Esses dados fazem parte do primeiro grande diagnóstico da região já produzido. Trata-se do estudo “A Amazônia e os Objetivos do Milênio”, elaborado por oito ONGs da América Latina e lançado ontem à noite, em Belém, durante o seminário “Cenários e Perspectivas da Pan-Amazônia”, realizado pelo Fórum Amazônia Sustentável, articulação brasileira de populações ribeirinhas, indígenas e urbanas, além de empresas e sindicatos. O seminário também é realizado pela Articulação Regional da Amazônia (ARA), associação de 40 ONGs da América Latina. Pesquisadores de oito entidades fizeram o diagnóstico amazônico com patrocínio das fundações Avina e Skoll.
Na Amazônia, distribuídas pelos nove países, moram mais de 34 milhões de pessoas, diz o estudo. Há 375 povos indígenas. Essas pessoas vivem em uma área de quase 7,8 milhões de km2 ou 44% da América do Sul. O Brasil tem 64,3 % da região, seguido pelo Peru (10,1%) e Colômbia (6,2%).
O PIB per capita é de US$ 5.507 ao ano. O da Amazônia brasileira bate em US$ 6.128. A Bolívia tem a renda mais baixa. A mais alta é a da Guiana francesa, com mais de US$ 18 mil, mas esse dado é distorcido pelos gastos com a base europeia de lançamento de foguetes. É na Amazônia venezuelana que está o PIB per capita mais alto da região toda – US$ 9.259.
“Trabalho na Amazônia há 26 anos”, diz Adalberto Veríssimo, pesquisador-sênior do Instituto do Homem e Meio Ambiente da Amazônia (Imazon), um dos mais respeitados centros de pesquisa da floresta. “Nunca vi um relatório publicado sobre a região com esse tipo de abrangência.”
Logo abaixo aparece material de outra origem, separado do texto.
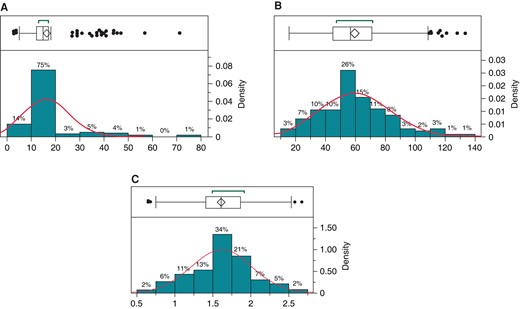 (A–C) Normal distribution and outlier plots of all ICE cases by A: age, B: weight, and C: BSA. BSA, body surface area; ICE, intracardiac echocardiogram.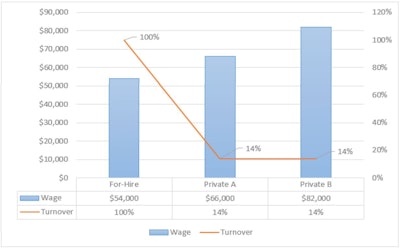 This chart from Klemp shows driver pay’s connection to driver turnover rates comparing three fleets.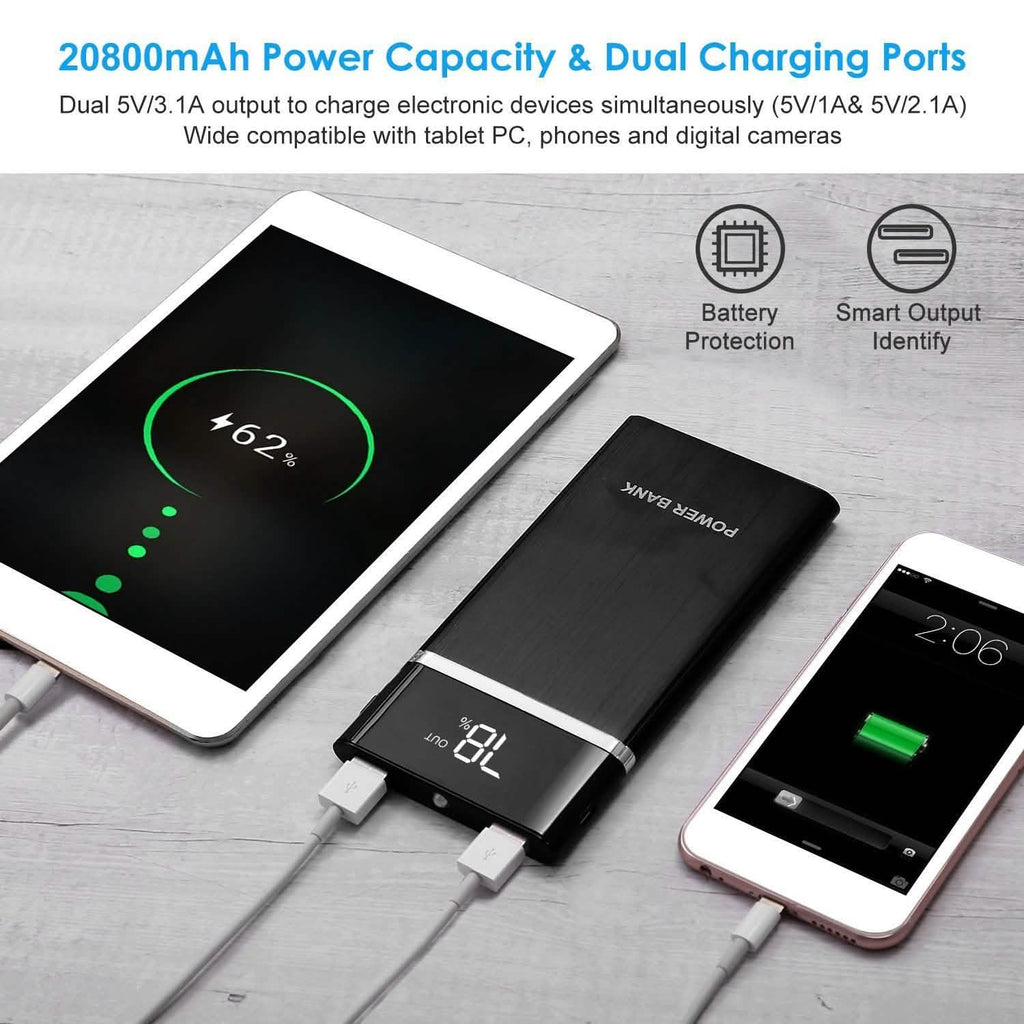 20800mAh Power Bank 76.96W External Battery Pack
A afirmação pode soar cabotina – o Imazon é um dos autores do estudo e assina os dados do Brasil -, mas a carência de informações sobre a Amazônia, principalmente quando se sai do Brasil, é desoladora. “Quando se cruza a fronteira”, continua ele, “a Amazônia é uma grande desconhecida.”
O trabalho rastreou os parâmetros criados pela Organização das Nações Unidas (ONU) em 2000 para orientar investimentos e melhoras nas condições socioeconômicas dos países em saúde, educação, renda e condições de vida, com foco em 2015. São os Objetivos de Desenvolvimento do Milênio, conhecidos por ODM. Entre as nove metas avaliadas, apenas uma foi alcançada entre todos os países – a que diz que é preciso eliminar as diferenças entre os sexos na educação. A maioria dos indicadores melhorou, da década de 90 a hoje. Mas são melhoras tímidas.
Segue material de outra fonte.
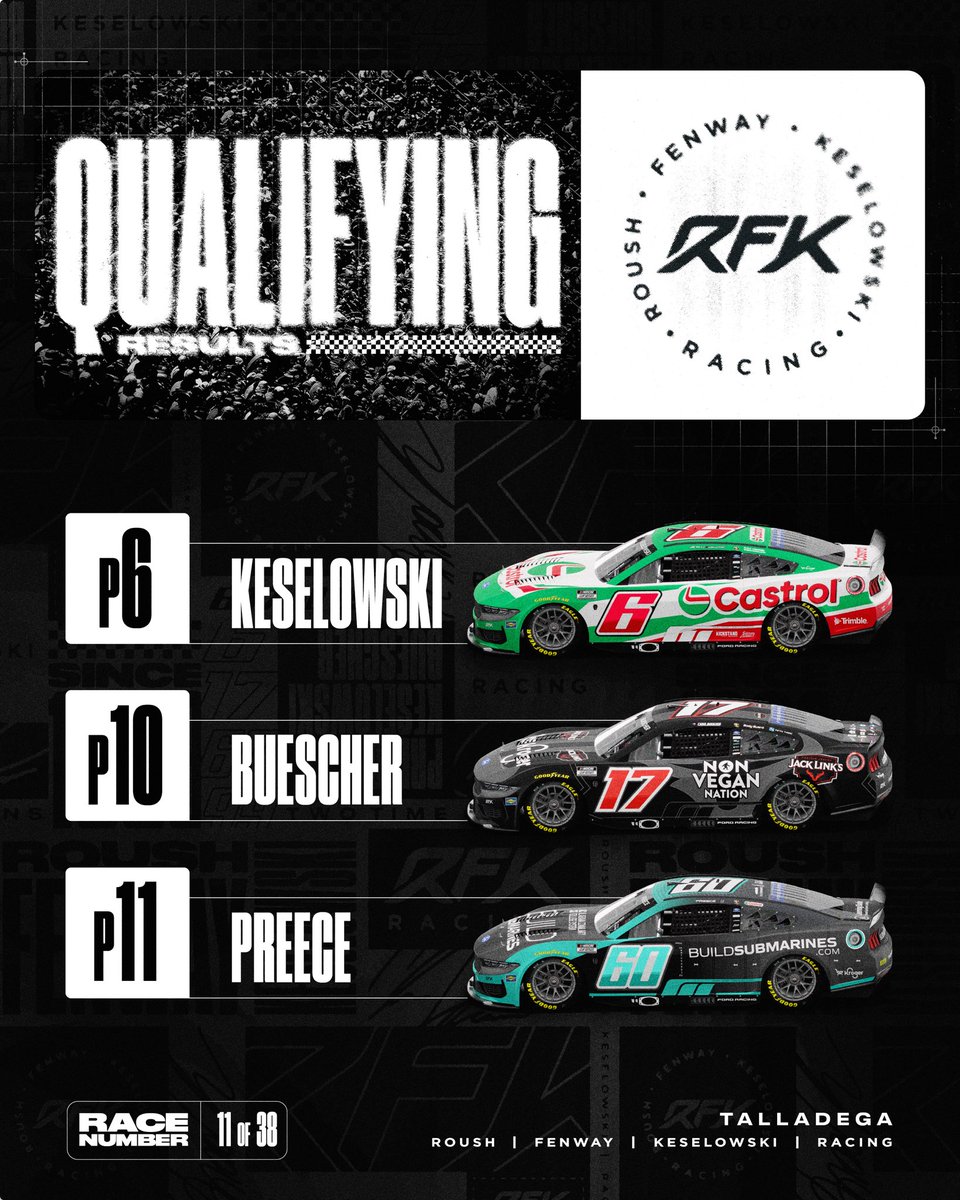 RFKracing's tweet photo. Rain rain go away come again another day๐ถ thx for the good quali tho https://t.co/zqjlpJjNFb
Em alguns países, a desnutrição atinge um quarto da população infantil e a vulnerabilidade é maior para os povos indígenas. As maiores taxas encontram-se no Peru (24%) e na Bolívia (21%).
O analfabetismo na Amazônia está acima do limite internacionalmente considerado crítico, que é de 5%. Na Amazônia brasileira, é mais do que o dobro (11%) e na boliviana, 17%. É naquela região da Bolívia, também, que a mortalidade infantil é mais alta do que a das regiões mais pobres do mundo (73 casos por mil nascidos vivos). A menor taxa nesse quesito, entre os nove países da região, é a da Guiana Francesa, com 10 casos por mil. Só a Venezuela conseguiu diminuir o índice em dois terços em relação a 1990, como está na meta da ONU. Mas ali há contradições – entre os índios venezuelanos, a mortalidade infantil é dez vezes maior que a média do país.
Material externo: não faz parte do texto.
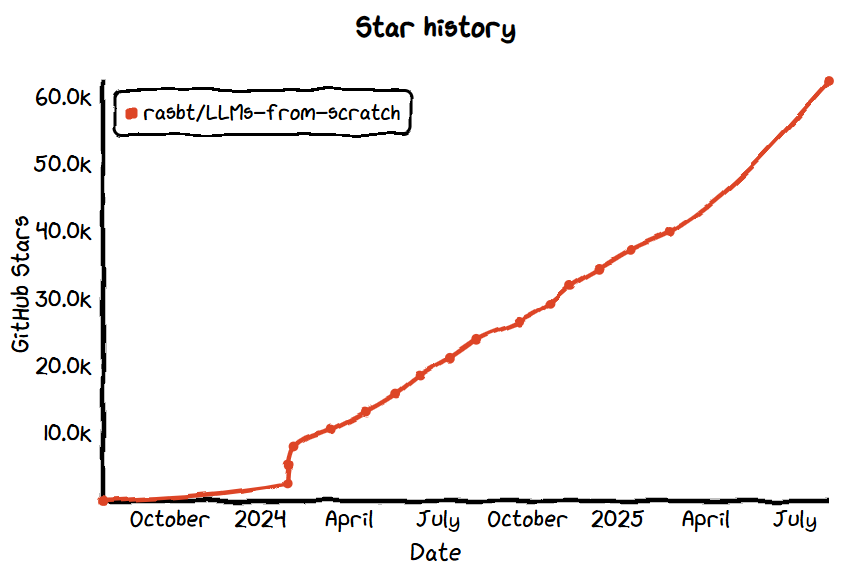GitHub 上 Star 数量前 18 的开源 AI Agent 项目 - 知乎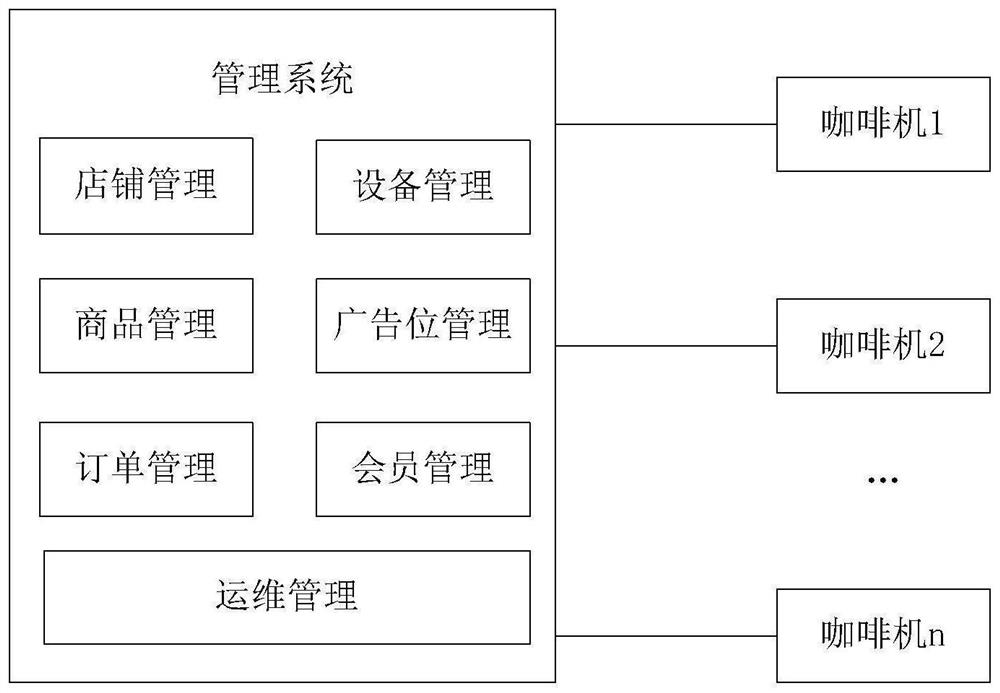 Management system based on coffee machine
O desmatamento aumentou em todos os países, à exceção do Brasil. A região sofre com pobreza, desigualdade de renda e problemas graves de saúde, como malária e tuberculose. As mulheres têm pouca participação na política. A taxa de mortalidade materna aumentou. Na região que tem mais recursos hídricos do mundo, o acesso à água potável e o saneamento básico é precário. “Conhecer melhor a Amazônia é estratégico”, diz Veríssimo. “Temos que entender as pressões que estão em curso na região, as oportunidades e trocar experiências.”